### What the task requires
The lines below, beginning at the one that contains "Two of a Kind" and ending at the last, are to be retyped exactly.
--- Source records Enclosed Below ---
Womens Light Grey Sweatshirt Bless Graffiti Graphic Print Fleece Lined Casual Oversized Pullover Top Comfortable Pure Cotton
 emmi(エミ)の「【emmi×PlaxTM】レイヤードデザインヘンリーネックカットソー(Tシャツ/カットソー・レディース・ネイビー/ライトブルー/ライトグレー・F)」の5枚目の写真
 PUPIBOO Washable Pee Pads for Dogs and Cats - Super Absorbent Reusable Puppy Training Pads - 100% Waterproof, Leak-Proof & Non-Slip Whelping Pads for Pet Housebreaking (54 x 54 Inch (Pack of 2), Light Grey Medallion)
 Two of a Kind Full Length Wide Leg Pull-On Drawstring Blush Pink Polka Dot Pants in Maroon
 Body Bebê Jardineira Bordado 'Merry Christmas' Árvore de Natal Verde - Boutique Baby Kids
--- End of Enclosed Source records ---
### Reply
 Two of a Kind Full Length Wide Leg Pull-On Drawstring Blush Pink Polka Dot Pants in Maroon
 Body Bebê Jardineira Bordado 'Merry Christmas' Árvore de Natal Verde - Boutique Baby Kids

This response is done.